Introduction to Markets
Textbook Chapter: Chapter 3
MobLab Game: Private Value Sealed Bid auction
Key Teaching Points:
- Learn how a basic exchange happens by participating in an auction.
- Gains from trade (i.e., consumer surplus).
- Price discovery: the transaction price results from the bids of other buyers.
Supply and Demand in a Competitive Market
Textbook Chapter: Chapters 3 & 4
MobLab Game: Competitive Market
Key Teaching Points:
- The “invisible hand” of the market: how individual profit maximization leads to competitive market equilibrium.
- Price discovery: the equilibrium market-clearing price results from the valuations of different buyers and costs of different sellers.
- Gains from trade (i.e., consumer and producer surplus).
- Shifts in either supply or demand change equilibrium outcomes.
Government Interventions in Competitive Markets
Textbook Chapter: Chapter 5
MobLab Game: Competitive Market
Key Teaching Points:
- Government interventions (per-unit taxes, subsidies, price ceilings and floors) alter equilibrium outcomes.
- Equilibrium outcomes do not depend on whether buyers or sellers pay the tax.
- The difference between tax incidence and who pays the tax.
- Relative elasticities determine incidence of a tax or subsidy.
- Excess supply (price floors) and excess demand (price ceilings).
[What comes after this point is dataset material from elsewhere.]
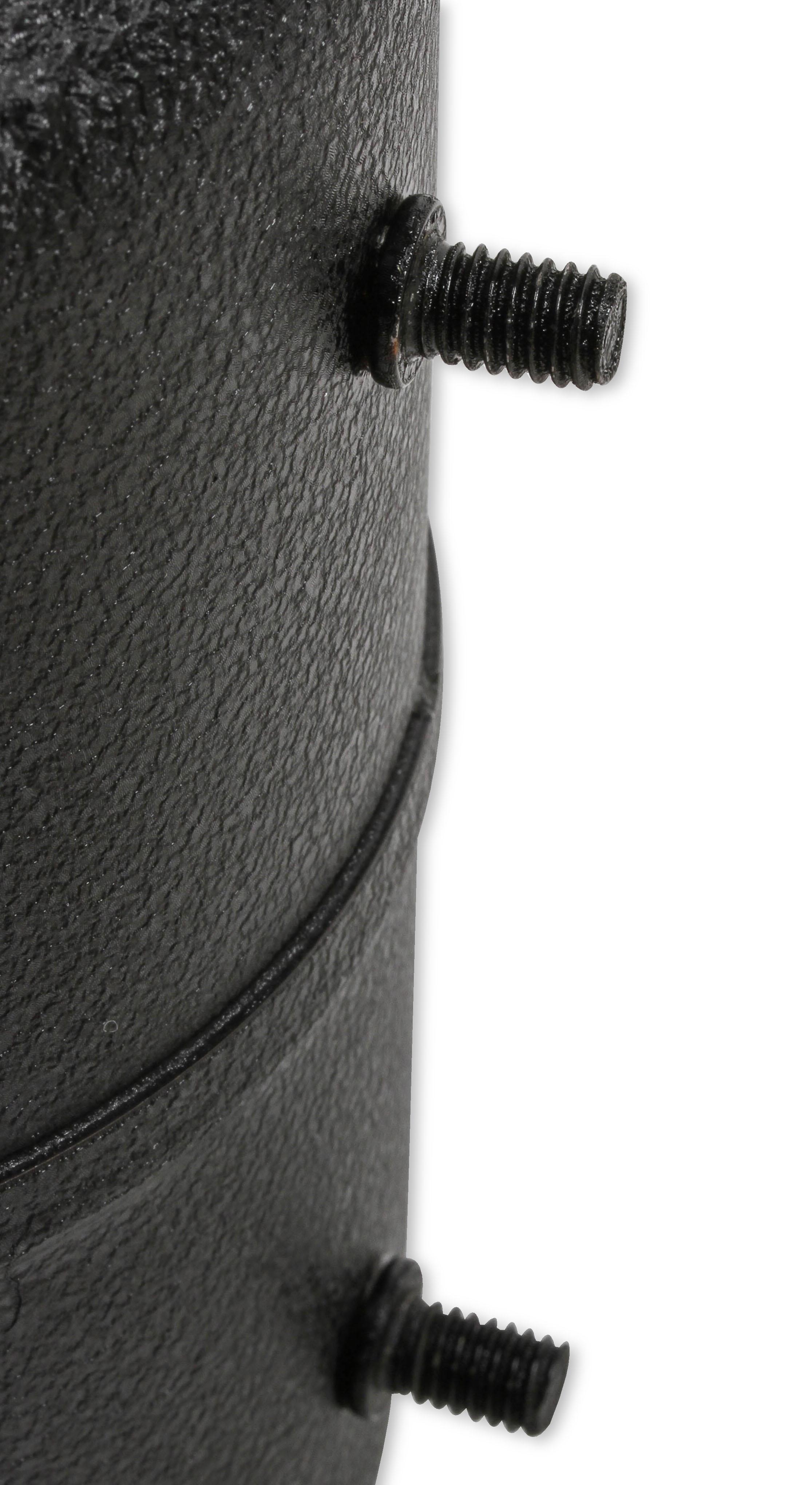 Mr. Gasket Vacuum Canister.  - 3701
- The efficiency implications of government interventions.
Externalities
Textbook Chapter: Chapter 5
MobLab Game: Judge Me Not
Key Teaching Points:
- When firms do not internalize external costs, profit maximization leads to inefficiently high levels of pollution.
Public Goods
Textbook Chapter: Chapter 5
MobLab Game: Discrete (Threshold) Public Goods
Key Teaching Points:
- Highlights the features of public goods: non-rival and non-excludable.
- Demonstrates the distinction between private and social benefits of public goods.
- Shows how individual profit maximization leads to the free-rider problem.
Asymmetric Information (Adverse Selection)
Textbook Chapter: Chapter 5
MobLab Game: Market for Lemons
Key Teaching Points:
- Experience in a market with asymmetric information.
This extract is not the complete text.